Dooring Locations in Downtown Toronto 2014-2016. Dooring locations denoted with a yellow dot. Blue lines indicate the presence of bicycle lanes. Hot spots in red.
UPDATE: Councillor Jaye Robinson, Chair of the Public Works & Infrastructure Committee, has said that dooring collisions are included in the 10 Year Cycling Network Plan (CNP) approved by Toronto City Council in 2016. The CNP was subsequently included in the Road Safety Plan. However, City staff noted that they excluded major streets with streetcar tracks and on-street parking from their 2016 analysis. These streets pose a significant risk to cyclists in Toronto. Protected bike lanes are a key way to reduce dooring collisions. More work must be done to reduce these dangerous collisions in Toronto.

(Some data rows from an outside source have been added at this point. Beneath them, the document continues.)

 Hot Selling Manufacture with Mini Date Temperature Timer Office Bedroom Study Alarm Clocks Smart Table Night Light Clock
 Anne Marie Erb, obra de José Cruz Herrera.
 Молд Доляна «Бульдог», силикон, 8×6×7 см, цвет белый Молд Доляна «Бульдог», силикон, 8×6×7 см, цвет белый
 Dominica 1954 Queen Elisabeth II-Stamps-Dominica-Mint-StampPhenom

Based on analysis of dooring collisions provided by the Toronto Police Service, the number of collisions involving cyclists in Toronto is on the rise. A dooring collision happens when someone in a motor vehicle strikes a cyclist by opening their car door into traffic.
The number of dooring collisions reported to the police increased year over year in both 2015 and 2016 and was up 58% in 2016 from the 2014 baseline.

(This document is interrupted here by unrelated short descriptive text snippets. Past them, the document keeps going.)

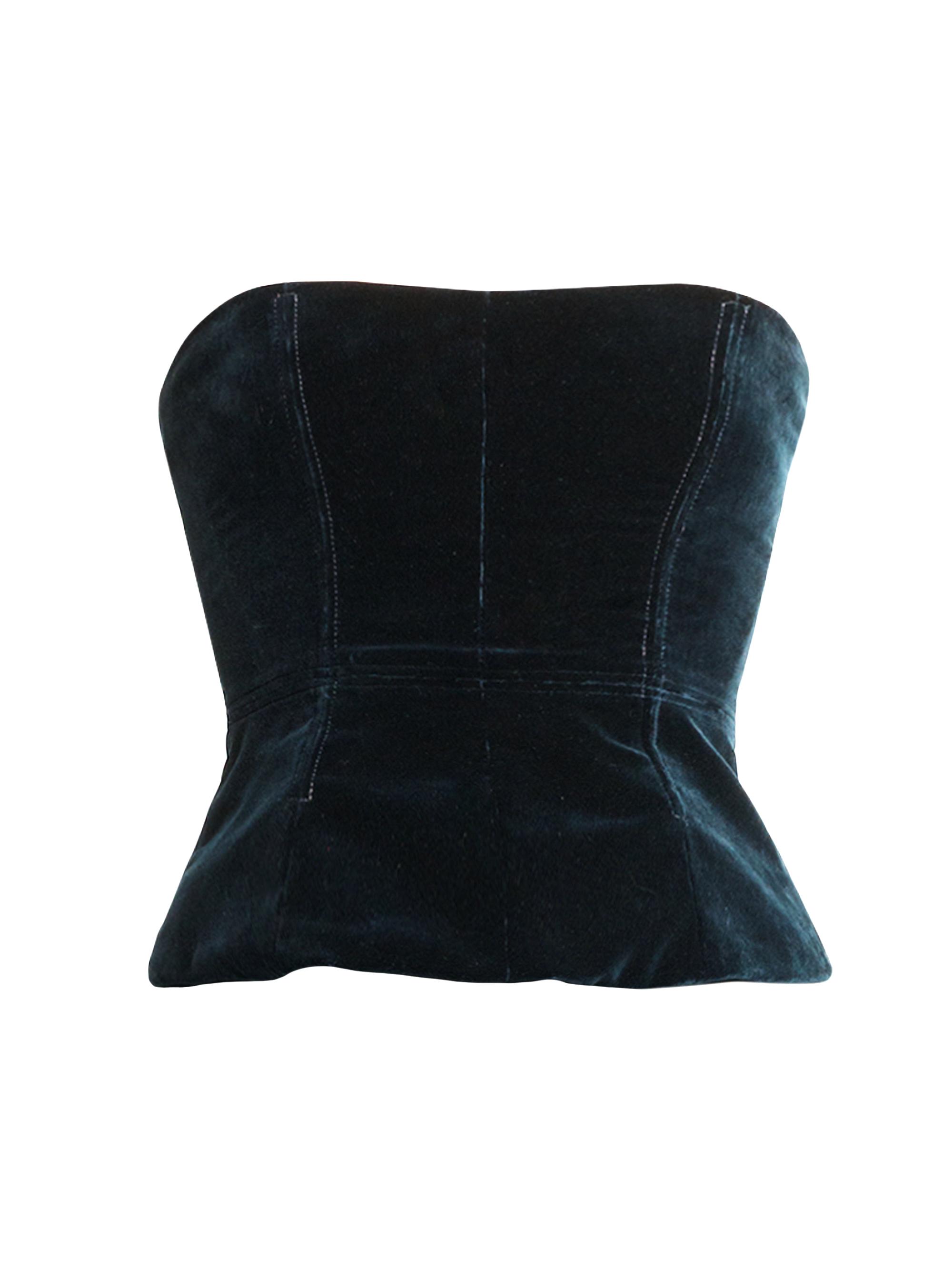TOM FORD Women's Velvet Strapless Corset Top - Black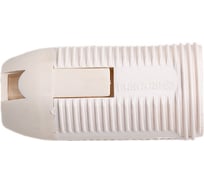 Патрон OXION Е14, полувинт, белый PH-002WH-E14
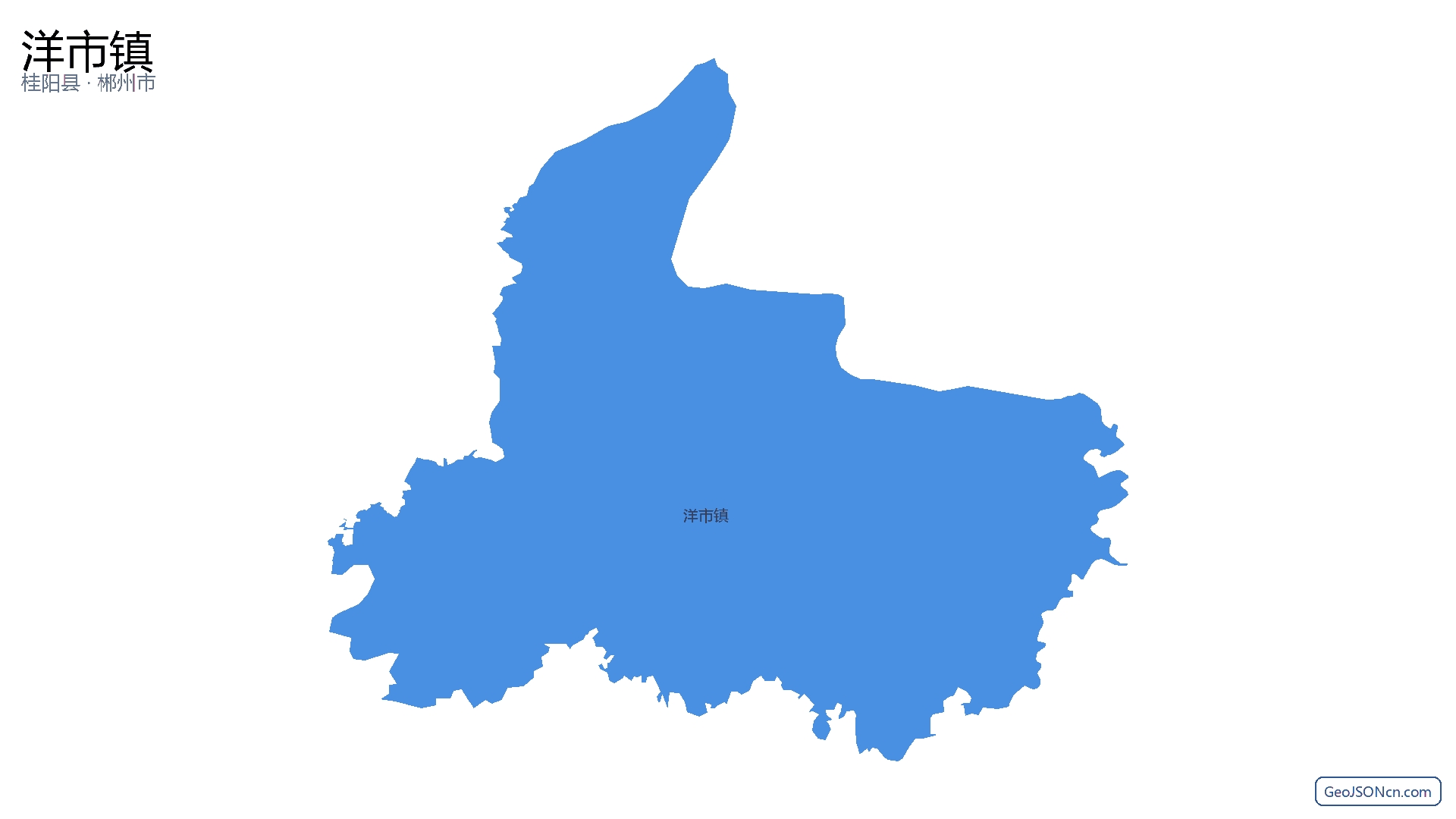 洋市镇行政区划边界地图（桂阳县·郴州市）,提供GeoJSON、SHP矢量边界数据下载及高清地图大图(PNG/JPG) - GeoJSONcn.com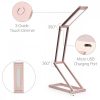 Lampa de birou pliabila cu LED si microUSB, Kwmobile, Rose Gold, Aluminiu, 40590.81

Streets with streetcar tracks and on street parking are overrepresented in the data, with particular emphasis on Queen St W and College St. This suggests that existing infrastructure does not adequately protect people travelling by bike in locations with on-street parking and streetcar tracks. Streets without streetcar tracks that posed a hazard to cyclists include Bloor St W and Yonge St. Particularly dangerous intersections include Yonge & Dundas and Yonge & Bloor. These destination-rich locations attract many people travelling by bicycle yet represent serious hazards because of the absence of cycling infrastructure and a high number of motor vehicles engaged in pick-up and drop-off activities.

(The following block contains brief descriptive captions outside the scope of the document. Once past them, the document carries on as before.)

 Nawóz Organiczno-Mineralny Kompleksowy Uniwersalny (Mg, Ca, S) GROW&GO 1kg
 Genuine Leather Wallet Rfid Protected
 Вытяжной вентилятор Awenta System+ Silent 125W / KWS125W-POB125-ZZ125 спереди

As shown on the map above in blue, streets with bike lanes had lower rates of dooring collisions than streets without them. The dooring rates on streets with protected bike lanes, such as on Richmond & Adelaide, were even lower.
Disturbingly, dooring collisions were not included in the Road Safety Plan approved by Toronto City Council last year. They also weren’t included in the 1,070 cyclist collisions reported by the Toronto Police Service for 2016. Including 2016 dooring collisions brings last year’s total cyclist collisions up to 1,279, and that’s only the number of those that were reported.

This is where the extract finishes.